Once the facts are prepared and presented during a mediation session, the parties are guided through the process of trying to find a suitable compromise that serves the best interests of all. Since this process approaches the issue from the perspective of finding compromise, it would be focused on the main elements of the dispute and centralise the concerns in an amicable manner.

When Mediation Works

In most cases, the claim on malpractice is driven more by raw emotions of being wronged than anything else. Mediation offers a safe and methodological avenue through which these emotions can be cut through and the root matter established in a clear manner. While a court proceeding does this as well, mediation recognizes the reality and impact of emotions to a far greater extent than the courts.
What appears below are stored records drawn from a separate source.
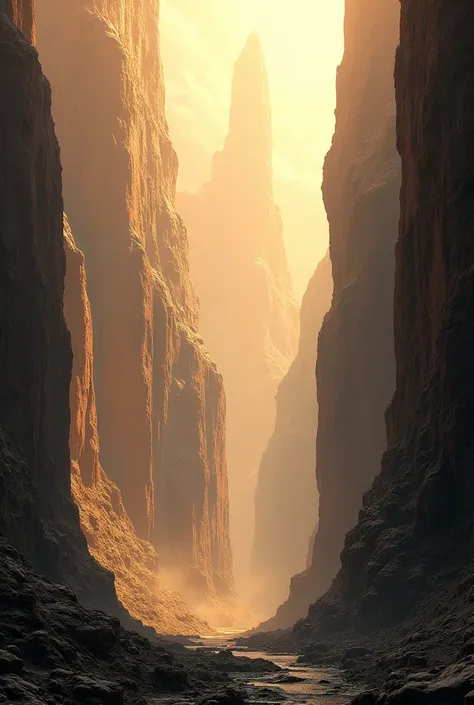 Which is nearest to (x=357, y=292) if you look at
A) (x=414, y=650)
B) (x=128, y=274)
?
(x=128, y=274)

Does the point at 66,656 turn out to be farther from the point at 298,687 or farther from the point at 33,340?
the point at 33,340

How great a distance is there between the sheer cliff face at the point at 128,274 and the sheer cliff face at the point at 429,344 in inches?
1786

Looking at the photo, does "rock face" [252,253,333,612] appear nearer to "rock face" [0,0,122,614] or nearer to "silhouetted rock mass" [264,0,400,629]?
"silhouetted rock mass" [264,0,400,629]

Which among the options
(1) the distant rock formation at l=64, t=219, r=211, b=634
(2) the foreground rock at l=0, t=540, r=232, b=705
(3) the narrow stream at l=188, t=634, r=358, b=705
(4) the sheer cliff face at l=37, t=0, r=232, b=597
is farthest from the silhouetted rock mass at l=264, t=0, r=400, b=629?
(2) the foreground rock at l=0, t=540, r=232, b=705

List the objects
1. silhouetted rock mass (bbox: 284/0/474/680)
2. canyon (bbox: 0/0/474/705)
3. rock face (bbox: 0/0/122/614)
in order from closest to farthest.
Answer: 1. canyon (bbox: 0/0/474/705)
2. silhouetted rock mass (bbox: 284/0/474/680)
3. rock face (bbox: 0/0/122/614)

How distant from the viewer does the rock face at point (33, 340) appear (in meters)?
46.2

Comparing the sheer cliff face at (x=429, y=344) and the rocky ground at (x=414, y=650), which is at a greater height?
the sheer cliff face at (x=429, y=344)

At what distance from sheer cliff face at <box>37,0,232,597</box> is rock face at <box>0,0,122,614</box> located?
2694cm

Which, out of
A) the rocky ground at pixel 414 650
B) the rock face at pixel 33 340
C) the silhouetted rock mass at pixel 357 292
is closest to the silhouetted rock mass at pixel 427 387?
the rocky ground at pixel 414 650

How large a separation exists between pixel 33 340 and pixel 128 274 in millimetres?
56406

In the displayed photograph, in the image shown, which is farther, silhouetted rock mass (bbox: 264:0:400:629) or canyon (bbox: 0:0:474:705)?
silhouetted rock mass (bbox: 264:0:400:629)

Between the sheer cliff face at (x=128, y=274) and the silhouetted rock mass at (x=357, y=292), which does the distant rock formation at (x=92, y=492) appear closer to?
the sheer cliff face at (x=128, y=274)

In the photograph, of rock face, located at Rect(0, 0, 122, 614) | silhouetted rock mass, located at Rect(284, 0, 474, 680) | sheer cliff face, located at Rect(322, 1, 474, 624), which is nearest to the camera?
silhouetted rock mass, located at Rect(284, 0, 474, 680)

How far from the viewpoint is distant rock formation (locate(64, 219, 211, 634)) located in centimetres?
8294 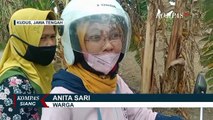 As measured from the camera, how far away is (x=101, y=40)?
1.17 meters

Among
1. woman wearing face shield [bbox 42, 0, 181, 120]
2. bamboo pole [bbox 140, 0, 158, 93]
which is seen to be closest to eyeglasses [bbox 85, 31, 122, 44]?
woman wearing face shield [bbox 42, 0, 181, 120]

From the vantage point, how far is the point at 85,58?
122cm

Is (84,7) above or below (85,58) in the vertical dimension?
above

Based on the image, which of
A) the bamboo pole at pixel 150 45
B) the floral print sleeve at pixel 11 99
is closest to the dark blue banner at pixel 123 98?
the floral print sleeve at pixel 11 99

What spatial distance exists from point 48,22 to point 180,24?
1.40m

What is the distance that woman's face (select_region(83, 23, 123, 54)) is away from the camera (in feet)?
3.84

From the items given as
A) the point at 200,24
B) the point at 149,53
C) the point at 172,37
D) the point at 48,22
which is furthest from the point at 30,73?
the point at 200,24

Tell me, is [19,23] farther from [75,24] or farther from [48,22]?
[75,24]

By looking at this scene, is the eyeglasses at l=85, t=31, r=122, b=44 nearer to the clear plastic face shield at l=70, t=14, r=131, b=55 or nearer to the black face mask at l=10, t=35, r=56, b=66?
the clear plastic face shield at l=70, t=14, r=131, b=55

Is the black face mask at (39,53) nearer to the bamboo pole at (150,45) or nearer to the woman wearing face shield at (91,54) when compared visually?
the woman wearing face shield at (91,54)

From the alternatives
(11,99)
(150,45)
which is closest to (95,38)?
(11,99)

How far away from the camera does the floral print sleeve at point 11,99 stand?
4.84 ft

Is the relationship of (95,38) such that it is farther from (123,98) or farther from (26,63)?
(26,63)

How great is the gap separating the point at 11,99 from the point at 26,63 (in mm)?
195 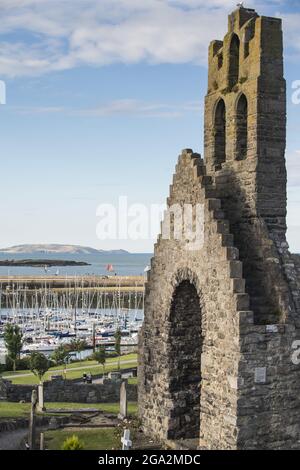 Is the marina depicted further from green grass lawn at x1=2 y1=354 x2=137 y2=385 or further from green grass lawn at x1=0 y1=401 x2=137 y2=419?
green grass lawn at x1=0 y1=401 x2=137 y2=419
Once the emotional overtone is acknowledged and addressed, it then becomes easy for the parties to focus on the actual circumstances and their causes to work towards meaningful outcomes. At the end of the day, the result of any claim is unlikely to restore the emotional well-being completely and is just a platform for psychological healing to be initiated. Mediation offers just the right combination of empathy and factual positioning to serve the most appropriate outcomes for all parties.

In many instances, the mediation better serves the closure for the aggrieved party since the emotional impact is part of the process. Eventually, the outcome may be more intangible in nature – such as a heartfelt apology – which would be more powerful in repairing the psychological damage caused than a monetary outcome through the courts.

When Mediation Breaks Down

Even when the mediation is not successful in achieving a mutually-acceptable outcome, it is likely to set the tone for the legal recourse. With so much emphasis on working on the main elements and moving towards a suitable outcome for all sides, it will be easier to move it to the courts for a decision using the same context that was presented in mediation. If that approach is taken by both parties, the court process then becomes less arduous and having a higher chance of arriving at an appropriate decision quickly.

While this is not a guaranteed process flow and there will always be cases where the deliberation breaks down significantly – thus turning the court process an acrimonious one, mediation as the first step provides for the possibility that good outcomes can be achieved for both parties

This is the reason for most claim handlers to prefer mediation as the main method to resolve claims, which contrasts against the erroneous belief that mediation is used for escaping real repercussion. More general awareness is needed to create a more positive perception of mediation where malpractice claims are involved but the truth remains that it is for the benefit of all parties.